Aquel año, en 2011, mediante un transitorio constitucional, los propios legisladores se dieron ciento veinte días para llevar a cabo las modificaciones legales. De hecho, en un gesto inusitado de responsabilidad, tuvieron el cuidado de posponer la entrada en vigor de las nuevas normas constitucionales durante un plazo de tiempo idéntico. Con ello, podemos legítimamente suponer, buscaban garantizar que las reformas constitucionales entraran en vigor una vez que estuviera aprobada la nueva legislación secundaria. Un cálculo digno de parlamento platónico. Pero la cruda realidad se impuso, la responsabilidad se esfumó y han pasado más de dieciséis meses desde que las reformas constitucionales entraron en vigor sin que se hayan aprobado las reformas a la ley secundaria. Así que la Nueva Ley de Amparo, hasta el día de hoy, brilla por su ausencia. Un caso de parálisis legislativa que, entre otros efectos, empujó a la Suprema Corte de Justicia a reemplazar al legislador adoptando Acuerdos Generales para sortear la situación. Todo un atentado contra la división de funciones entre los Poderes de la Unión del que pocos se sorprendieron y muchos menos se alarmaron.

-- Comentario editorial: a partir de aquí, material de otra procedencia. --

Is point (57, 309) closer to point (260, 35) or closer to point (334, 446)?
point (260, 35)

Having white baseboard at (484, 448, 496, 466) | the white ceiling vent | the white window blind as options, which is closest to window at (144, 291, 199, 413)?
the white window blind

Ello a pesar de que la ley de amparo no es un ordenamiento cualquiera porque de sus disposiciones depende la protección de nuestros derechos fundamentales. De hecho, no es casual que la reforma constitucional en esta materia fuera seguida de inmediato por la reforma en materia de derechos humanos. Los efectos de ambas operaciones están íntimamente concatenados y la aprobación de las leyes secundarias —en éstas y en otras materias sensibles— es el ancla para los cambios constitucionales. Por lo mismo resulta crucial la aprobación de las reformas legales que hoy se discuten en la Cámara de Diputados. Sobre todo ahora que se escuchan voces deseosas de echar marcha atrás en ambos frentes.
Sin duda la propuesta a discusión tiene defectos y limitaciones. El amparo es una materia muy compleja por lo que habrá que esperar a que las nuevas normas legales, una vez aprobadas, surtan efectos para poder calibrar todas sus virtudes y defectos. Ya habrá tiempo para realizar los ajustes necesarios. Eso sucede en cualquier materia porque en ninguna existen reformas definitivas. Lo importante es que la legislación se apruebe: en cuestiones de derechos y de su protección es tan importante evitar las reformas regresivas como superar el inmovilismo estéril. A la reforma de derechos humanos la amenazan las primeras y a la reforma de amparo la tiene secuestrada lo segundo. La peor ley en esta materia es la que no ha sido reformada; así que es hora de superar esa omisión tan ominosa.